Kurr, now a resident of Scottsdale, was geocaching near the Pine Mountain Wilderness Area when he found the jar. Geocaching is like a treasure hunt in which one person hides a container in a remote area and puts the GPS coordinates online, then others try to find it.
So Kurr was walking off-trail where few people travel, looking in places that few people look. He had hiked 11 miles when he thought he might have found the geocache he was seeking, under a rock overhang.
Instead, he found an earthen jar that a Yavapai Indian had left there perhaps centuries ago.
“I just knew it was clay, and it was old,” Kurr said. “And I couldn’t believe how thin it was.

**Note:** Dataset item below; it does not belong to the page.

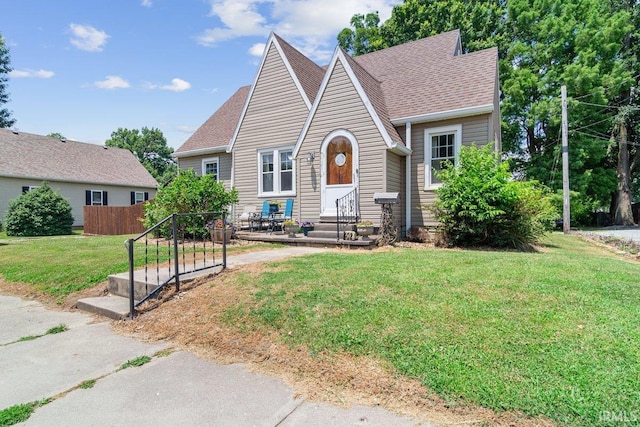 view of front facade featuring a front yard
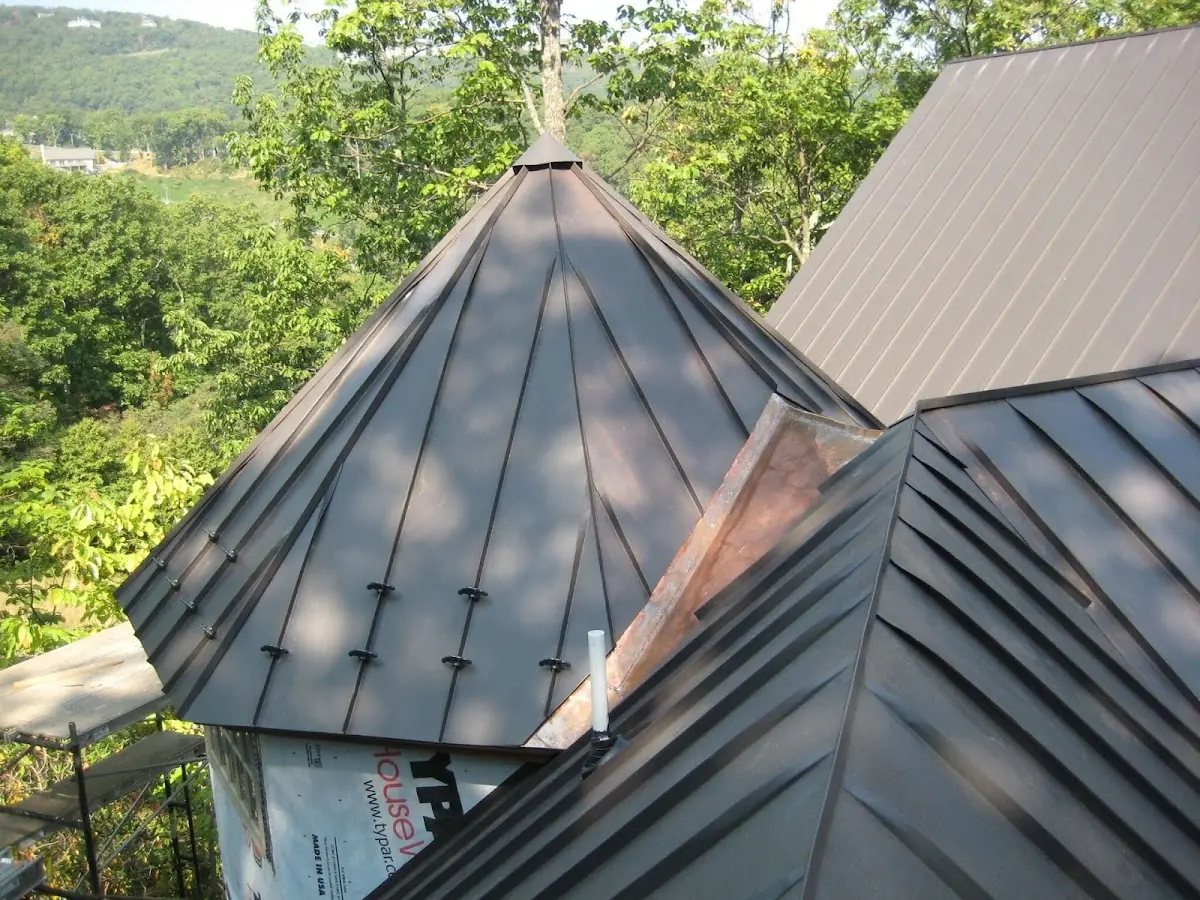 Professional Shingle Replacement & Repair by Craftsman Roofing in Victor Heights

“If I would not have been looking for a geocache, I never would have found it.”
It was in the perfect spot to weather the ages, archaeologists said.
“It was well protected from the elements, or we would have found a bunch of pieces,” Zamora said. “Someone stashed it there. They probably intended to come back to get it.” Hays-Gilpin agreed.
“Somebody protected it by putting it in those rocks… but they didn’t come back,” she said.
When Kurr recently brought his children and other family members to see the jar at the Prescott National Forest office, they pondered who might have left the jar in the rocks so many years ago.
“I’d just love to know the story behind it,” Kurr’s wife, Jennifer, said.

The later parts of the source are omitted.